_Your assignment_
After finding the line containing "Hair Clipper MRD" below, please output that line and each following one through the line containing "Telefon mobil Panasonic", exactly as written.

------ Dataset content

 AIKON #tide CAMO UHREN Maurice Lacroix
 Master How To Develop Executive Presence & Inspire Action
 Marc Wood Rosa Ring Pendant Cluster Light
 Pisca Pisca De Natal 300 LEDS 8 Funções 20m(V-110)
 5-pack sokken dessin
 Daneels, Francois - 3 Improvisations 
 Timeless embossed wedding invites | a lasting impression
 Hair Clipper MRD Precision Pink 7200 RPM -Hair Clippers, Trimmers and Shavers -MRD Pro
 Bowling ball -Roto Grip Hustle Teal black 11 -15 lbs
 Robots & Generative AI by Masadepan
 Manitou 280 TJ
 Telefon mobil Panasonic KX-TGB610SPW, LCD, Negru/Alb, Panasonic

------------
------ Dataset content

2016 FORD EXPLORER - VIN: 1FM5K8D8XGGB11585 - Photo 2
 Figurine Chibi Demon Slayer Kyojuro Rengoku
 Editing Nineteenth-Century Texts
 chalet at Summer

------------
------ Dataset content

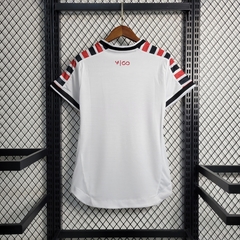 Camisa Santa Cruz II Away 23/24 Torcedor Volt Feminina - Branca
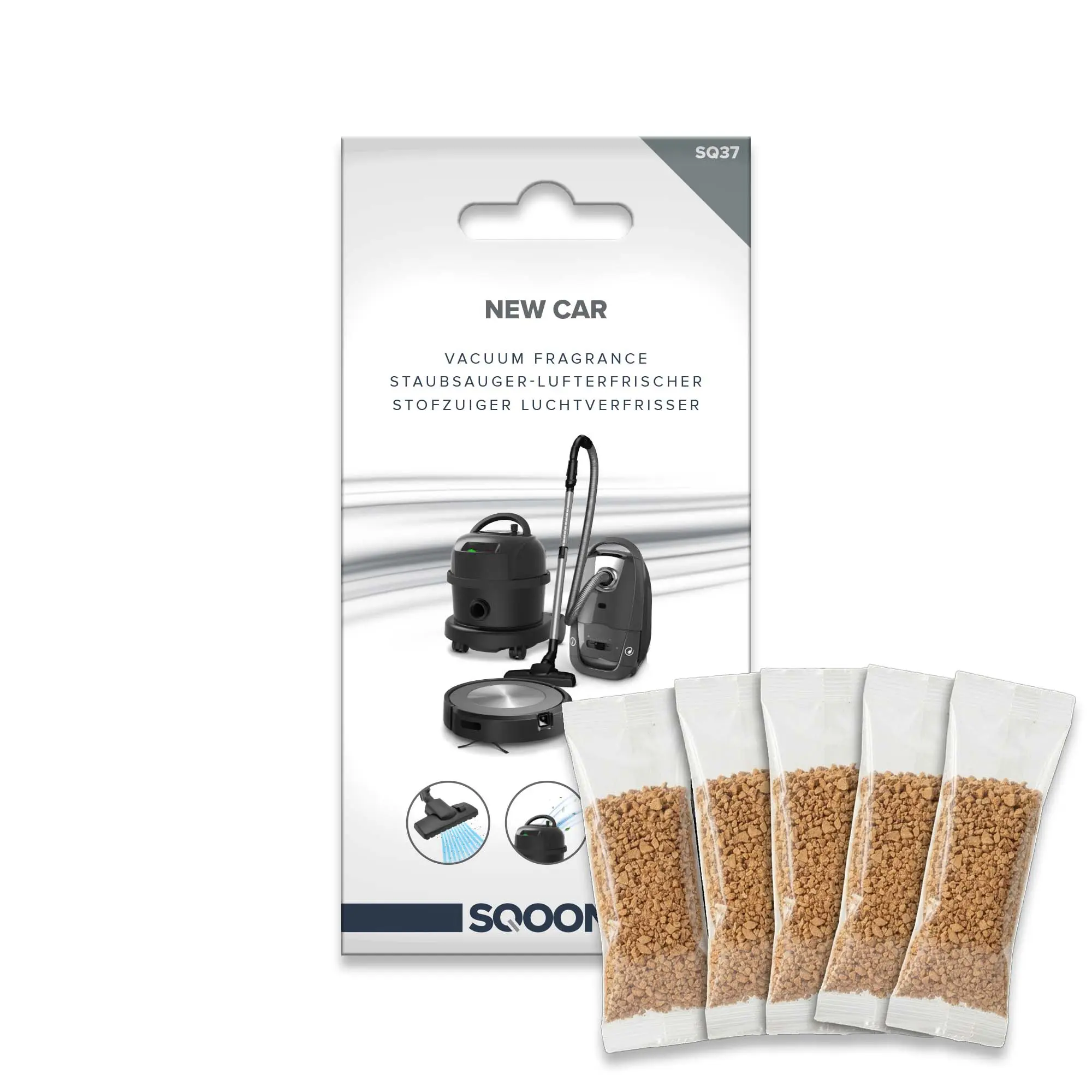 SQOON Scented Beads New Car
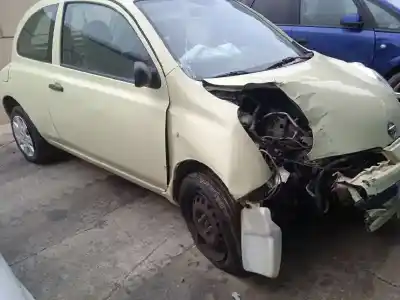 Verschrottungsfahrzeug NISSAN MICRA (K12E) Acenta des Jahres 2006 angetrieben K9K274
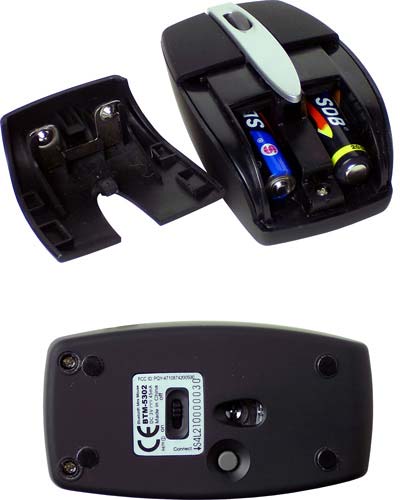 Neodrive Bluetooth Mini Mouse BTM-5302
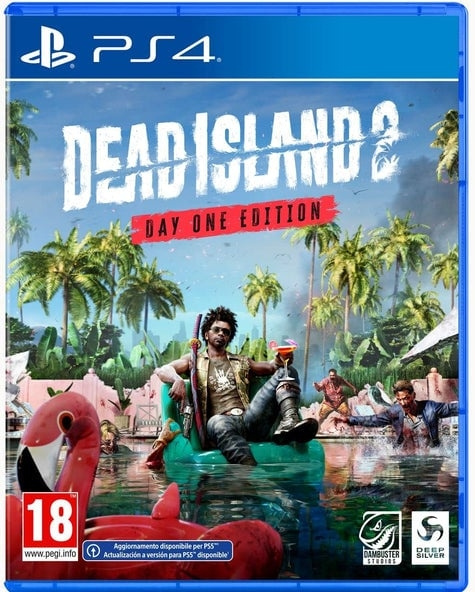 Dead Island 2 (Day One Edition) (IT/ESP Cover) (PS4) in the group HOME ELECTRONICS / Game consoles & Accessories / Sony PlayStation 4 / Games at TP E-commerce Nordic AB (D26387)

------------

_Written response_
 Hair Clipper MRD Precision Pink 7200 RPM -Hair Clippers, Trimmers and Shavers -MRD Pro
 Bowling ball -Roto Grip Hustle Teal black 11 -15 lbs
 Robots & Generative AI by Masadepan
 Manitou 280 TJ
 Telefon mobil Panasonic KX-TGB610SPW, LCD, Negru/Alb, Panasonic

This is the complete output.